=== Section Start ===
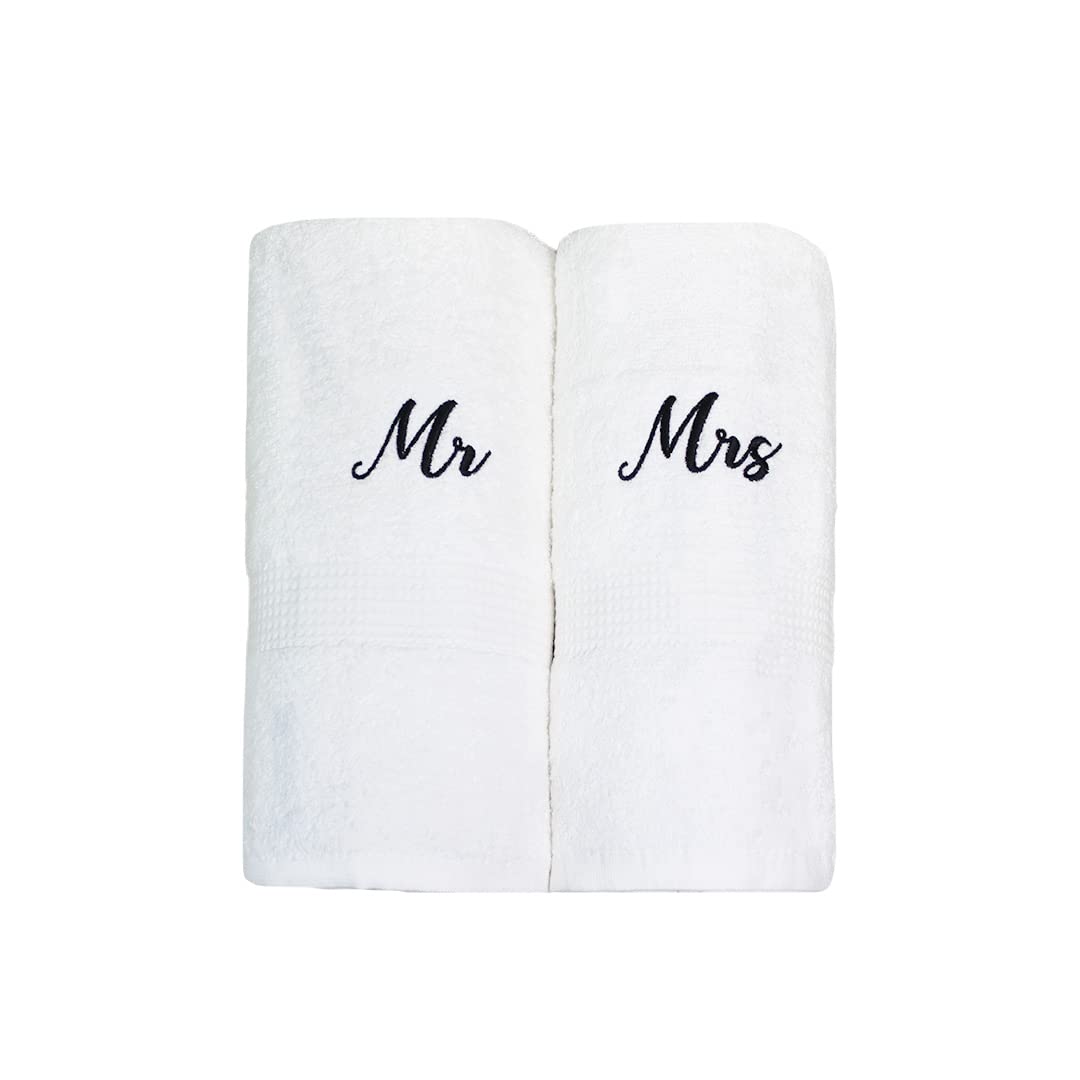 100% Egyptian Cotton Embroidered Mr and Mrs White Soft Waffle Pack of 2 Couples Hand Towel Bath Towel Set (Bath Towel Set)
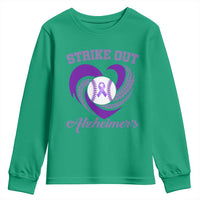 Strike Out Alzheimers Youth Sweatshirt Purple Ribbon Baseball Hope Support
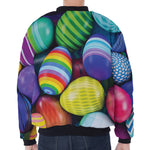 Pile Of Colorful Easter Eggs Print Zip Sleeve Bomber Jacket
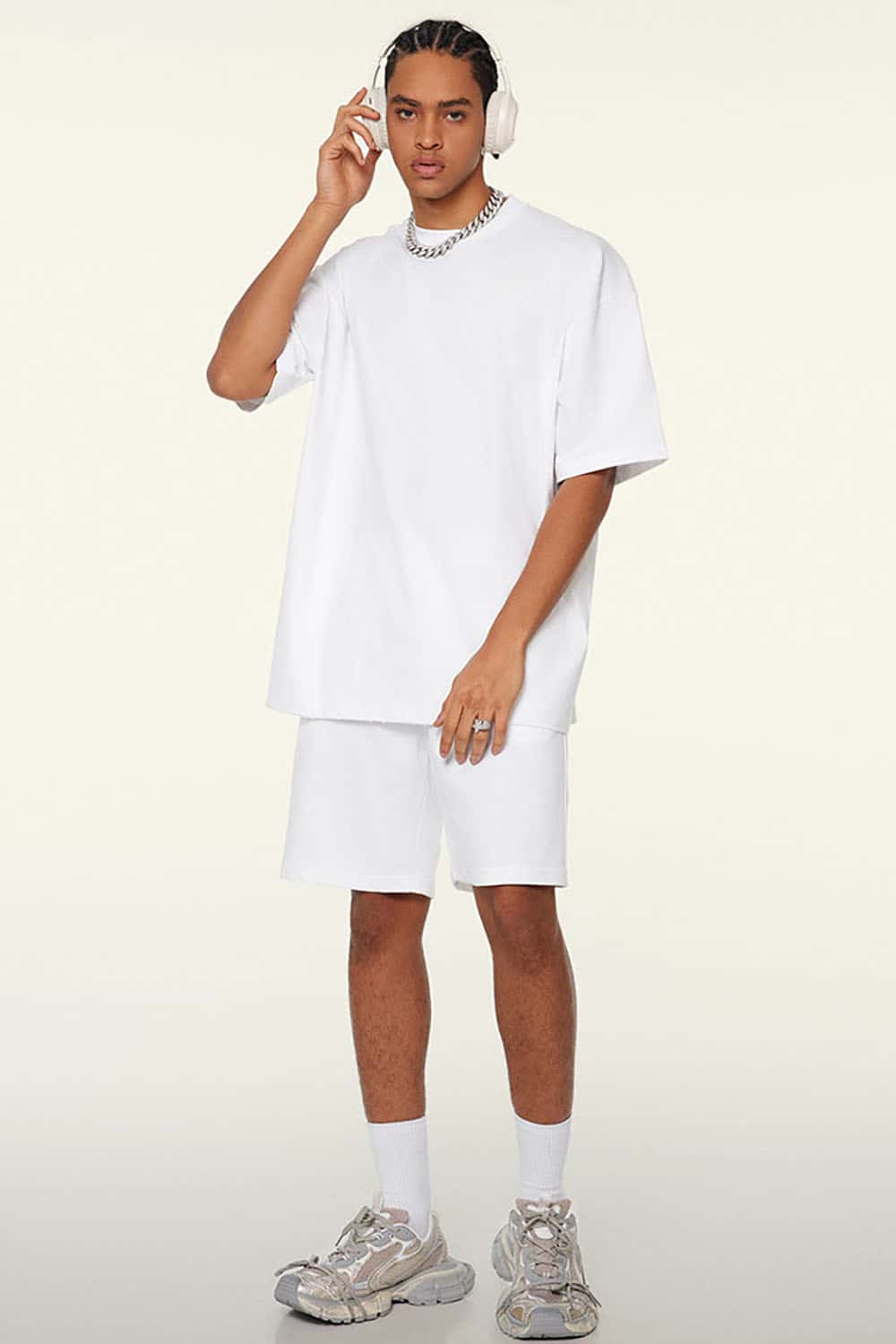 230g Cool-Touch Sports Solid Color Frayed Edge Loose-Fit Short Sleeve T-Shirt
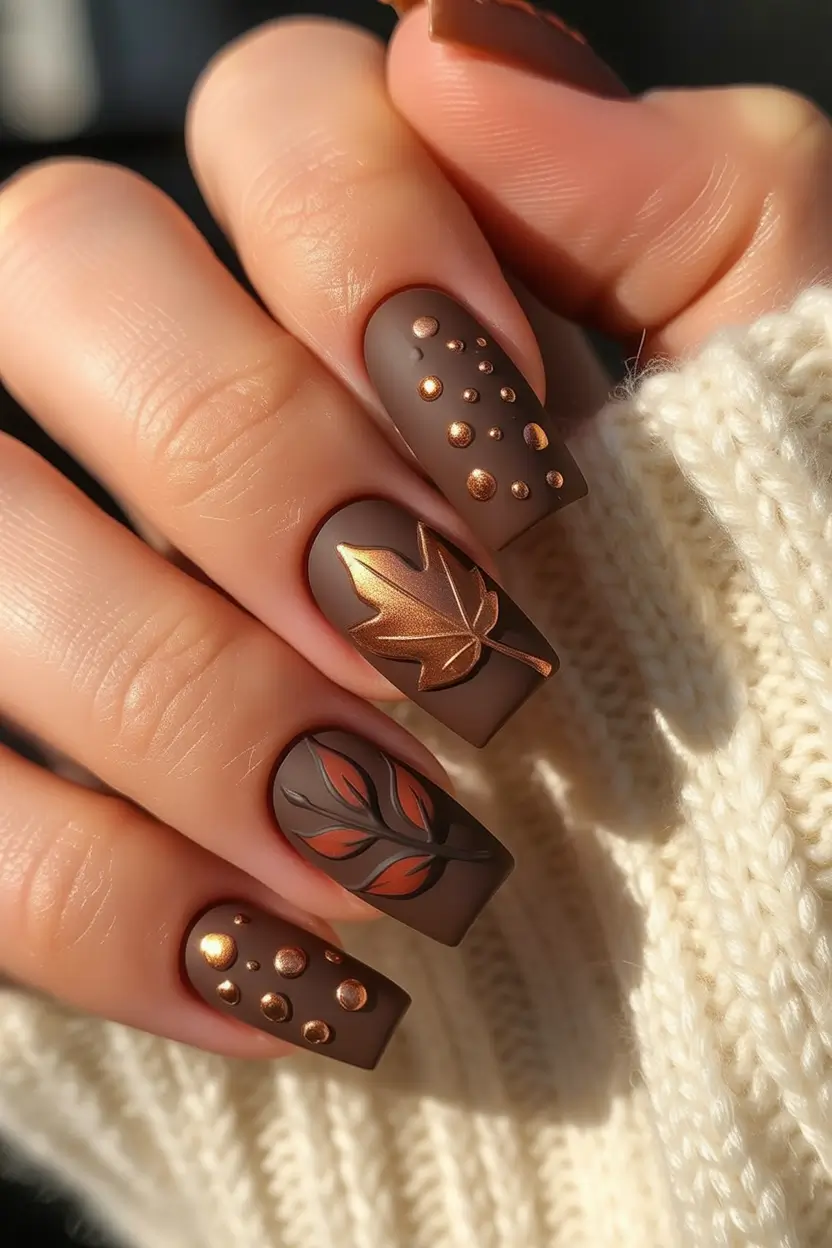 fall nails art Copper Cocoa Crush: Matte Meets Metallic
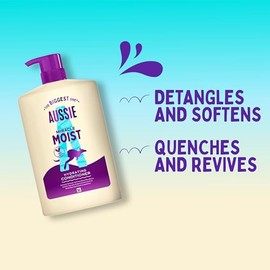 Aussie Miracle Moist Detangling Conditioner 1L Pump For Brittle & Dry Hair | Moisture-Quenching Formula to Revive and Restore Dry Hair. Infused with Australian Macadamia Nut Oil. Vegan and Cruelty free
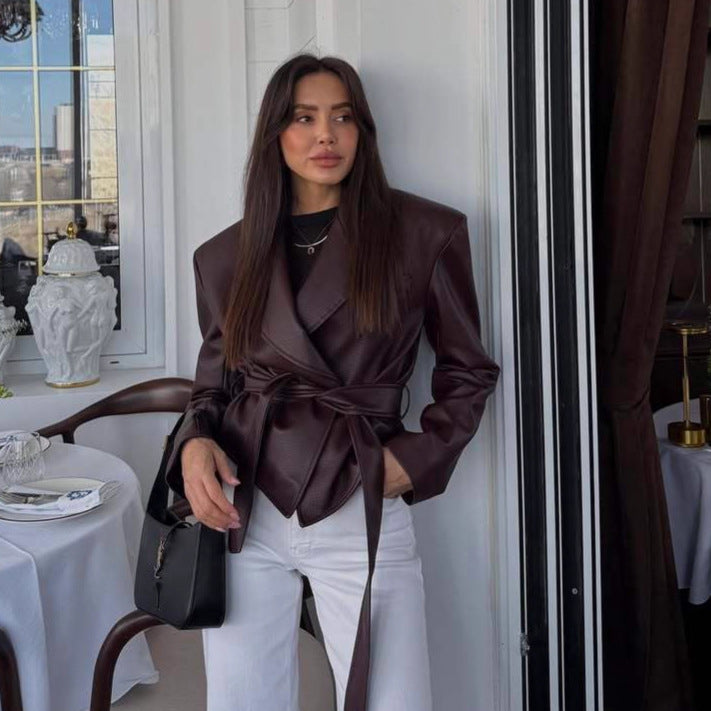 Belted Faux Leather Jacket Women Moto Blazer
=== Section End ===
## Exercise instructions
Please repeat every record exactly, leaving the pictures out.

## Written response
 100% Egyptian Cotton Embroidered Mr and Mrs White Soft Waffle Pack of 2 Couples Hand Towel Bath Towel Set (Bath Towel Set)
 Strike Out Alzheimers Youth Sweatshirt Purple Ribbon Baseball Hope Support
 Pile Of Colorful Easter Eggs Print Zip Sleeve Bomber Jacket
 230g Cool-Touch Sports Solid Color Frayed Edge Loose-Fit Short Sleeve T-Shirt
 fall nails art Copper Cocoa Crush: Matte Meets Metallic
 Aussie Miracle Moist Detangling Conditioner 1L Pump For Brittle & Dry Hair | Moisture-Quenching Formula to Revive and Restore Dry Hair. Infused with Australian Macadamia Nut Oil. Vegan and Cruelty free
 Belted Faux Leather Jacket Women Moto Blazer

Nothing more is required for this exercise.